“Success requires the sacrifice of hours, but complacency requires the sacrifice of dreams.
We pay the price of an extraordinary life or the regrets of an average life.”
— J. Soforic, The Wealthy Gardener
We all pay a price for our choices. Even not choosing is a choice. A life without the pursuit of dreams or purpose is a questionable existence. Perhaps this is why my retirement seven years ago was so brief—complacency leads to decline, and decline is not fun.
Why Work So Hard?
According to economists MacKerron and Bryson, working ranks just above being sick in bed as one of the most miserable states of unhappiness. However, the key difference lies in agency and choice—working with autonomy and purpose is vastly different from working without them.
“Find a job you enjoy doing, and you will never have to work a day in your life.”

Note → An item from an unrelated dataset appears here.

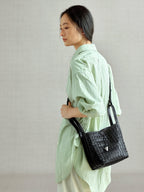 Songmont Lattice Bucket Bag Onyx - worn cross-body, side view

— Attributed to Mark Twain
The perfect job likely doesn’t exist. The second-best option? Acquiring the power to reshape the work you do. In a capitalist society, that power comes from money—money that buys security, freedom, and control over one’s time. It enables a doctor to garden every other day or a successful professional to choose farming as a passion rather than a necessity.
The Path to Agency
Success is not about accumulating money for its own sake; it’s about creating the optionality to design a fulfilling life. Accepting complacency isn’t okay. Being merely “okay” isn’t okay. A life without power over one’s time is a life constrained.
The way out? Pay the price. Sacrifice the hours. Do the reps. Eat the frog. Pursue the extraordinary, even when the climb is daunting and strenuous.